One of Bob Town Blossoms' more dramatic offerings is Strobilanthes dyerianus, commonly known as Persian Shield. With its metallic cast and leaves of rich purple with subtle lilac and green highlights, this plant really takes visual command in the garden. Of Burmese origin, it was well known in Victorian gardens. In our climate, it's an annual and can reach 5' in height.
The Bauers' 'Logic Blue' variety of Scaevola is darker than the 'New Wonder' variety barely visible at the upper right. Native to Hawaii, the plant grows to 2-3-feet wide and a foot high. It does beautifully in the Ozarks, blooming right up till the first frost. Scaevola's thick profusion of blossoms and spreading habit make it not only a strong accent plant in the garden, but outstanding as a container plant or hanging basket.
Swaying in a Saturday morning breeze is one of Bob Town Blossom's most vivid annuals, a rich blue delphinium with white "bees." The intense blue of this variety makes it an outstanding accent plant in the garden, as well as an exceptionally striking cut flower.
|Light Blue Delphinium|
A delphinium of a much lighter blue. We didn't catch the varietal name of this one, but we'll try to fix that as soon as possible. In any event, it's a prize.
|New Guinea impatiens|
The Bauers grow three colors--purple, red, and white--of the Paradise series of New Guinea impatiens, a very striking annual for blooms and foliage that does extremely well in Ozarks gardens. Don notes that these sun-lovers thrive and bloom with as little as a half-day's sun.
|Mixing it up|
"We just strive for a good eclectic mix every year," says Don Bauer. That mix includes cut flowers as well as bedding plants, and it starts with these unusually striking zinnias.
|A very special flower|
Don says that finally finding success growing this remarkably beautiful flower, Lisianthus, took him three years. Also known as Prairie Gentian and Texas Bluebells, the plant has uniquely soft, rose-like petals and pure, rich colors. As a cut flower it's unexcelled for old-fashioned flavor. The blossoms last for over a week.

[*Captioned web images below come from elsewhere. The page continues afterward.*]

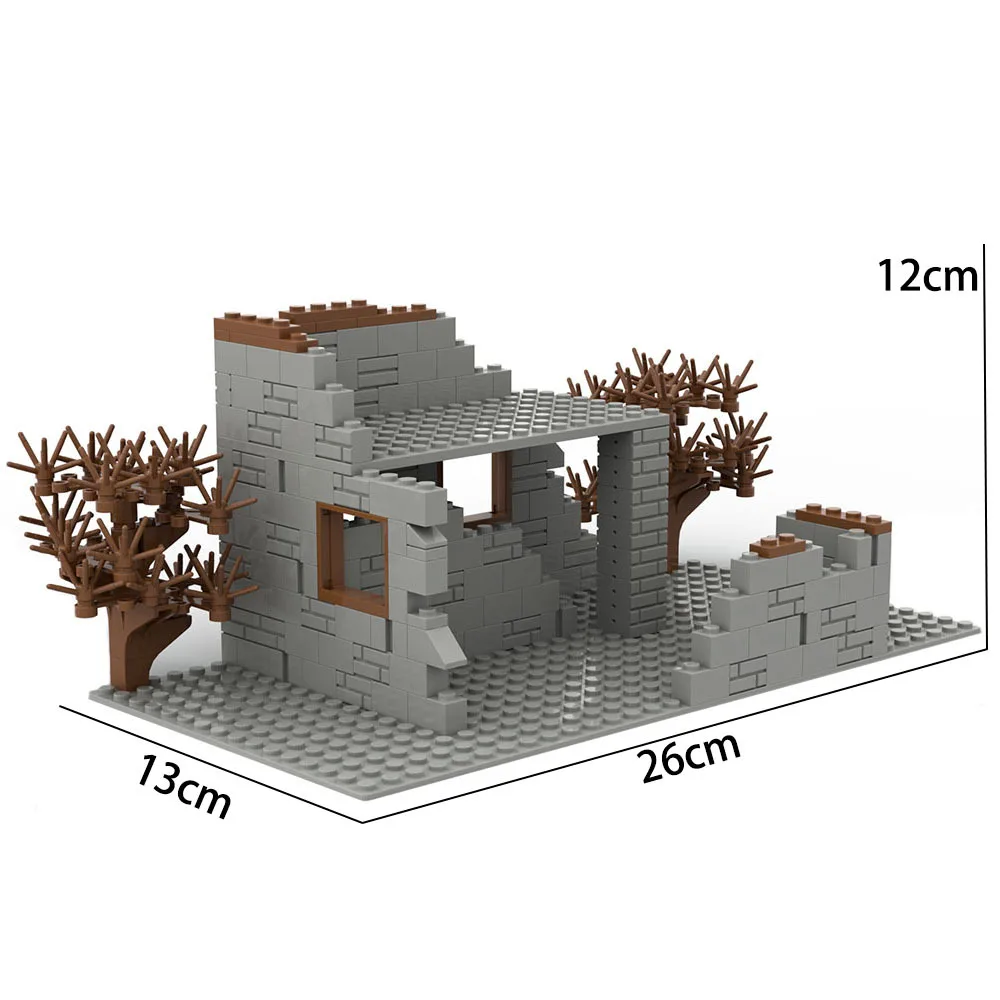 Blocs de Construction d'architecture militaire MOC WW2, ensemble de briques de Construction abandonnées pour champ de bataille pour garçons, passionné militaire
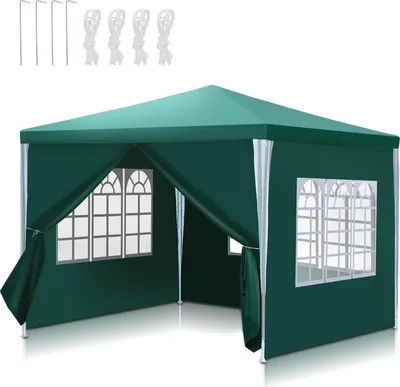 Produktbild von Aopunly Pavillon Partyzelt mit 3 Seitenwänden Reißverschlusstür Fenster 3x3m, Grün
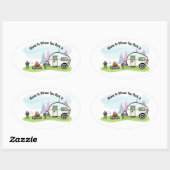 Animierter Camping-Anhänger Ovaler Aufkleber (Blatt)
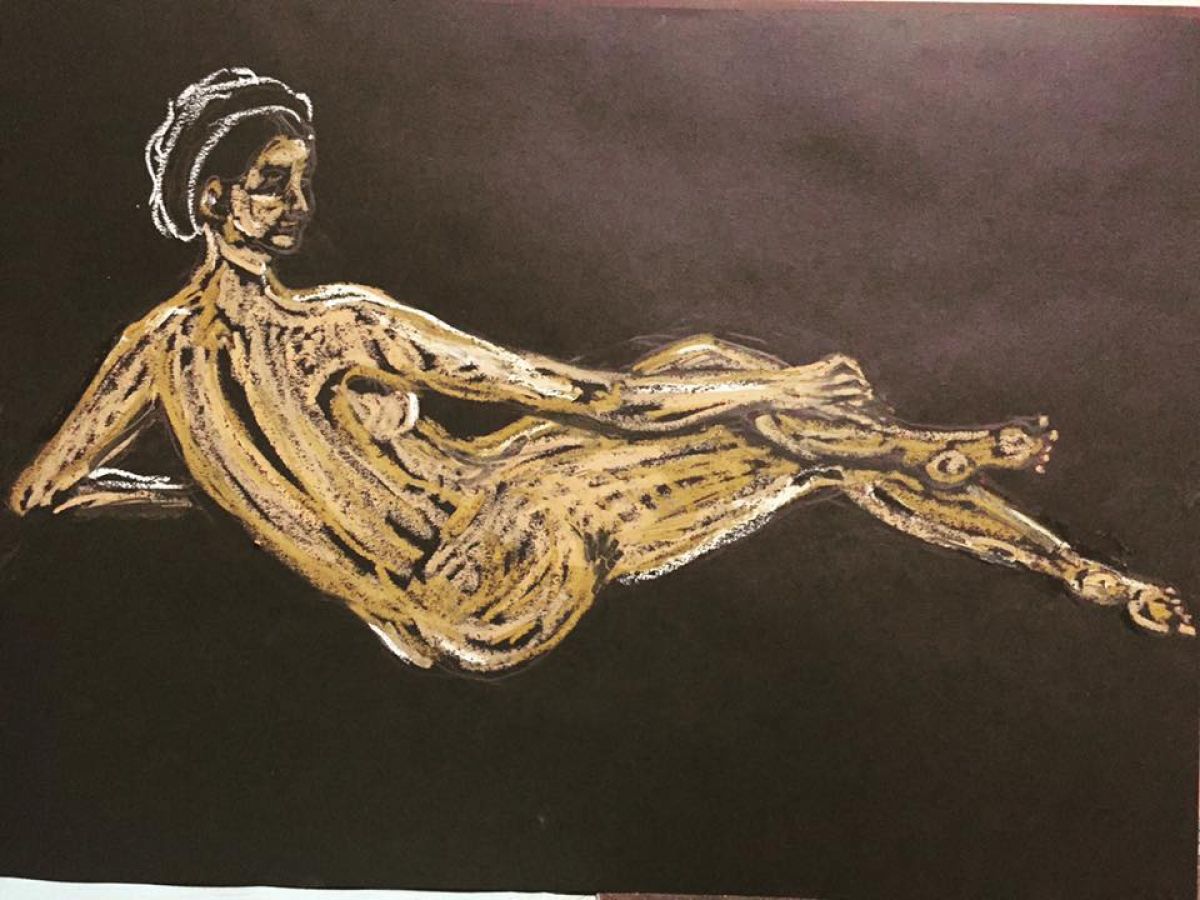 Merci Ingres Nue Format A 3 Oil Pastel On Paper 2018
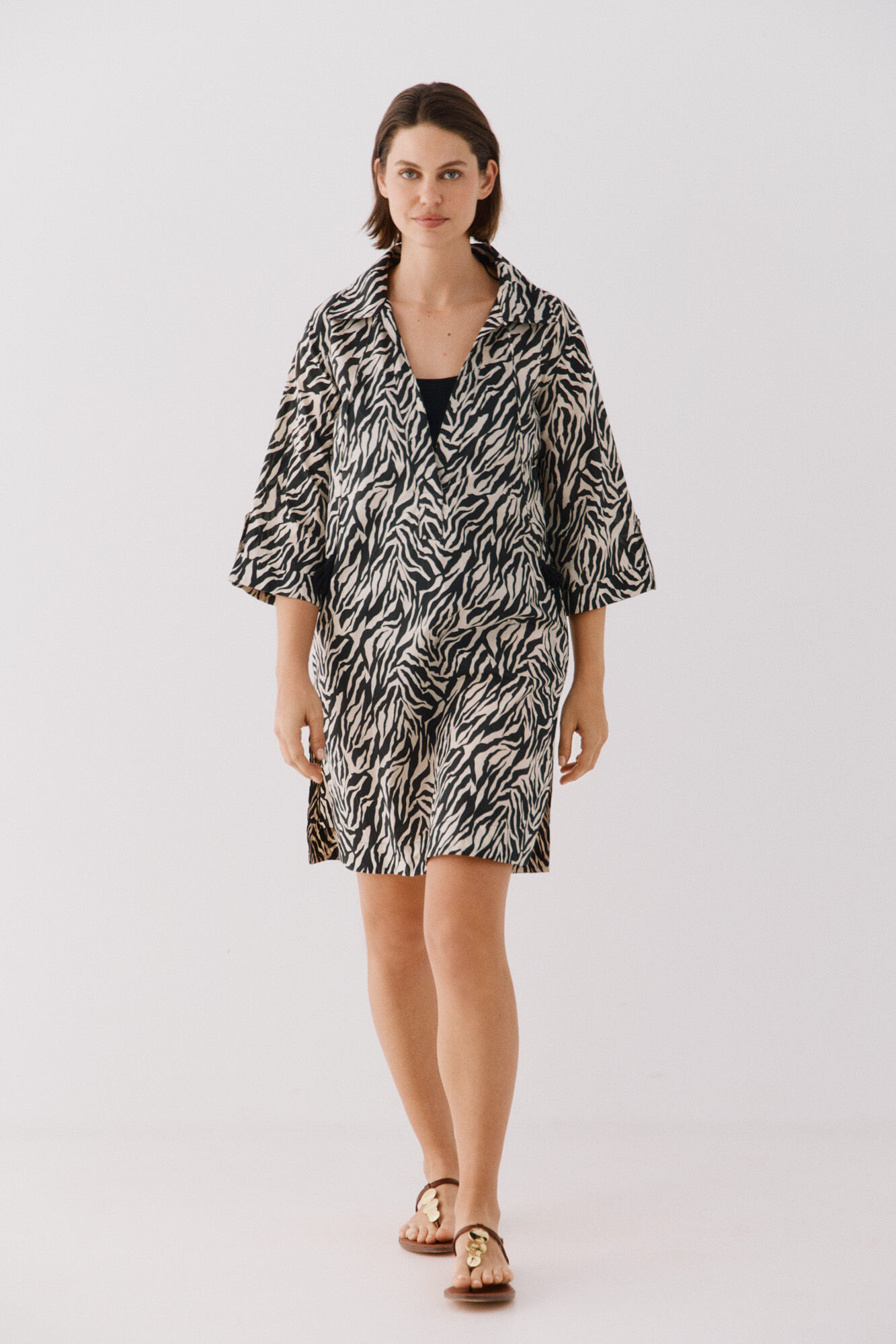 Cortefiel Caft&aacute;n t&uacute;nica estampado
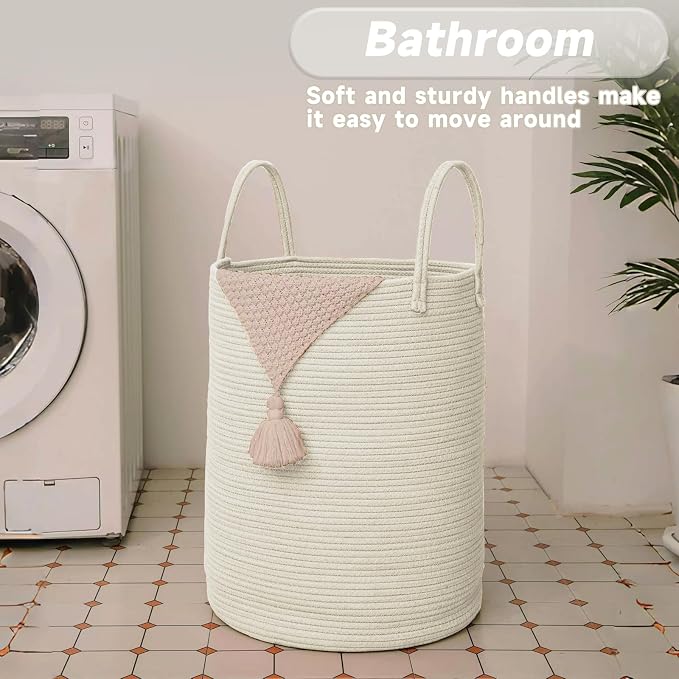 Large Woven Laundry Basket Hamper, 100L Cotton Rope Storage Bin - Image 5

A closer look at the rich Lisianthus purples. Developed from Eustoma grandiflorum, a wildflower native to the Colorado, Nebraska, Oklahoma and Texas prairies, Lisianthus cultivars are finding phenomenal success nationwide, especially as cut flowers. The plant, an annual, is phototropic in the garden, meaning that, like sunflowers, it turns toward the sun.
Fire Bush, also known as Scarlet Bush, Texas Firecracker Bush, and by other common names, is Hamelia patens, a picturesque plant with bright red blossoms from early summer through fall. As a bonus, the foliage turns bright red before dropping in autumn. The plant grows into a 4-5-foot mound and is highly attractive to hummingbirds and butterflies.
The Bauers are known for growing exceptionally healthy and attractive plant stock, such as these Vinca varieties. The couple sell only at the Battlefield Mall Farmer's Market.
Calibrachoa, also known as Trailing Petunia and, more rarely, Million Bells, is a marvelous plant that from June till frost features an amazing profusion of tiny bell-shaped flowers in a wonderful range of colors and color mixes. The plant grows quickly into a neat mound 4-8 inches tall and 6-24 inches wide, depending on variety. It cascades beautifully over walls or in hanging baskets. It likes full sun but does well in part shade, too. As you can see, it's a literal shower of color. We can't recommend it strongly enough.
The 'Jay' Daylily features a 5 1/2-inch wide bright-rose-red blossom with burgundy midribs and a green throat. Thriving in full sun or partial shade, it grows to 24 inches tall, spreads freely, and is a real eyecatcher in the garden or landscape,
|'Platinum Palette Freedom Ring'|
The 'Platinum Palette Freedom Ring' Daylily features large, 7 1/2-inch-wide flowers in very pale pink with lighter midribs and a yellow throat. Big Bonuses: This daylily is a rebloomer, blossoming from early-to-mid-season, and the flowers are fragrant. It grows to 25 inches tall and thrives in sun to partial shade. One of the Platinum Palette reblooming hybrids with fragrance, multiple scapes, and sunfast colors, it's a superb choice for any garden.
|'Platinum Palette Patriot Dream'|
'Platinum Palette Patriot Dream' is another in the Platinum Palette series of reblooming, fragrant daylilies. It features 6 1/2-inch-wide wine-red-purple flowers with white highlights and a yellow throat.Growing to 26 inches high and about 8 inches wide, it has deep-green grasslike foliage and thrives in full sun to partial shade.
Perhaps the most subtly colored daylily we know, 'Chum' is usually labeled "light pink" when in reality it contains delicate shadings of apricot, rose, tan, and who knows what other colors. 'Chum' is a repeat bloomer with 5-inch-wide blossoms and grows to 28 inches tall. This Bob Town Blossoms beauty now lives in a West Greene County garden.